TASK DETAILS: Leave the pictures out, and repeat exactly every line from the one with "This is a very" through the end of the data below.

[Saved data entries]
########################################
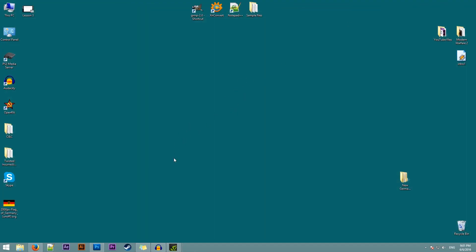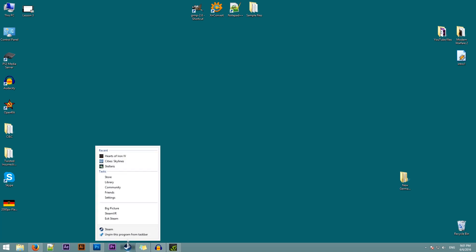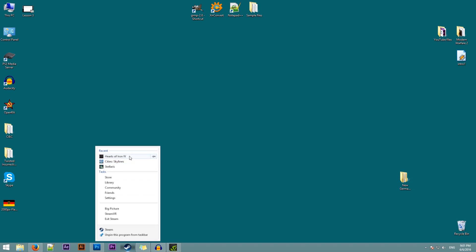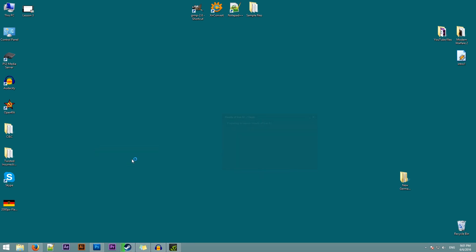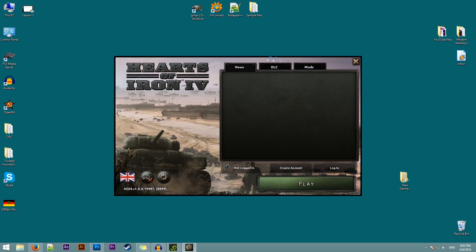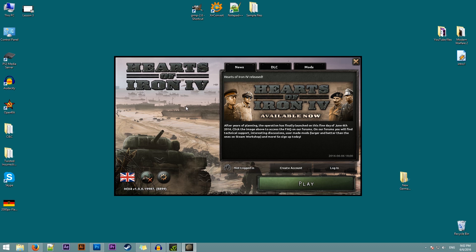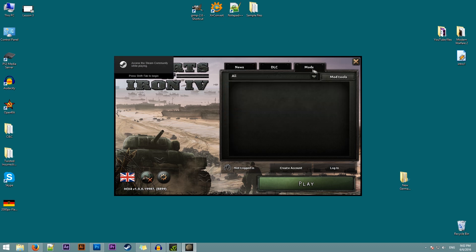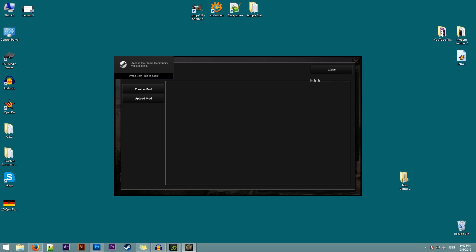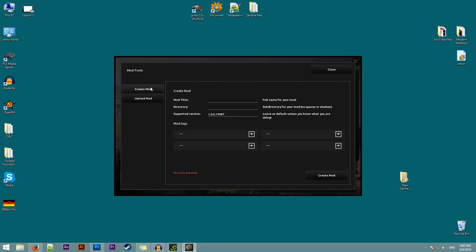Now the first thing we need to do is to create a mod for the game which will be using our new flag. How do we do that? We need to open Hearts of Iron 4. In the launcher we need to go to mods, click on mod tools, then click on create mod.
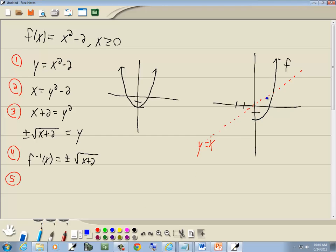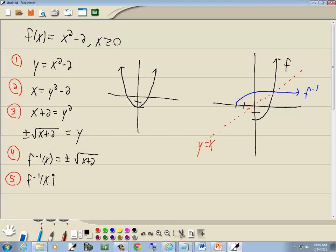If I were to take this piece and flip it across this line, we'd see it looks something like that — that's our inverse. Now if I look at what I came up with: y equals plus or minus this. Look at my blue graph here — my inverse. What are my y values there? Are they positive or negative? They're positive, which means we want to keep the positive version and drop the negative version.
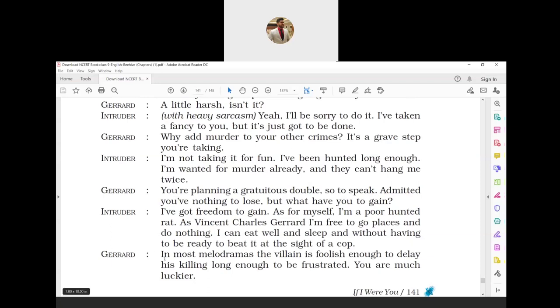Beat it means to leave immediately. The intruder replied that in return for killing Gerard, he would get freedom. As he committed a murder, he was hunted by the police and was hiding like a rat. Upon stealing the identity of Vincent Charles Gerard, he would live a life of freedom. He could go to places, eat and sleep without the fear of being caught by the police. Gerard: 'In most melodramas, the villain is foolish enough to delay his killing long enough to be frustrated. You are much luckier.' Gerard commented that in many dramatic plays, the villain was showed to be a foolish person. He would delay the killing and eventually got frustrated due to the delay, then he would commit some foolish act and get trapped. But the intruder was luckier than such villains.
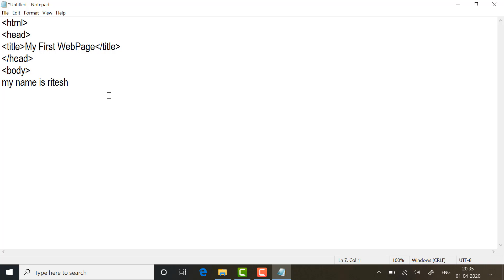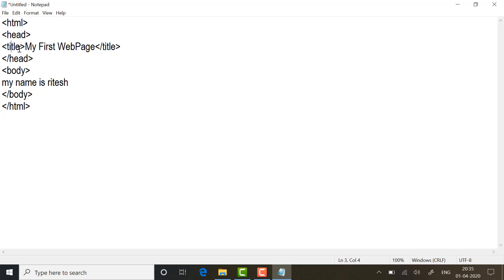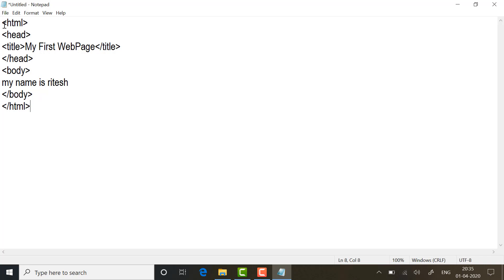In the body I am writing my name: Ritesh. After that, close the body tag, then close the HTML tag as well. So: we started the HTML tag and closed it; started the head tag and closed it just after the title tag; started the title tag and closed it; started the body tag and closed it. Whenever you write any tag, it is compulsory to close it. Some tags are called empty tags that don't need to be closed — we will discuss those later.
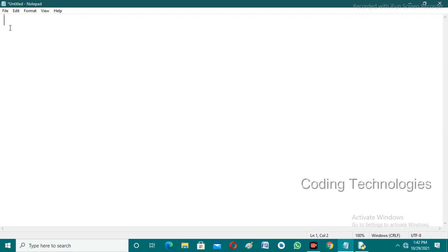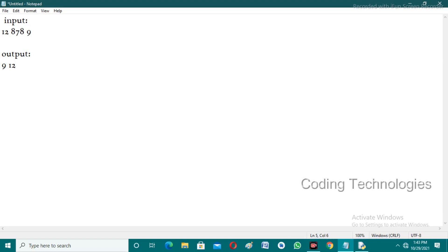This is a very important and tricky problem — it seems difficult but is actually easy. The user randomly enters any three integer variables. For example, the user enters 12, 8, and 9. The output format will be 9, 12, 8 — observing the output, we understand that the numbers are in ascending order.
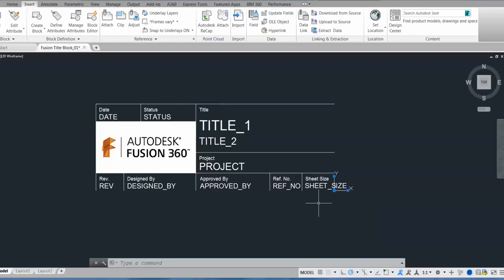So I have my title block set up like this, where the UCS origin point is at the bottom right, so that way when I bring this title block into the Fusion workspace, I won't have to move it around to have it in the right spot.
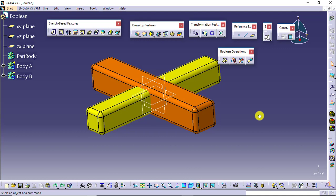Make sure that this Assemble operation has nothing to do with Assembly. Both the terms 'Assemble' and 'Assembly' are completely different.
########################################
RESPONSE FOR THIS EXERCISE:
This is a very important and tricky problem — it seems difficult but is actually easy. The user randomly enters any three integer variables. For example, the user enters 12, 8, and 9. The output format will be 9, 12, 8 — observing the output, we understand that the numbers are in ascending order.
So I have my title block set up like this, where the UCS origin point is at the bottom right, so that way when I bring this title block into the Fusion workspace, I won't have to move it around to have it in the right spot.
Make sure that this Assemble operation has nothing to do with Assembly. Both the terms 'Assemble' and 'Assembly' are completely different.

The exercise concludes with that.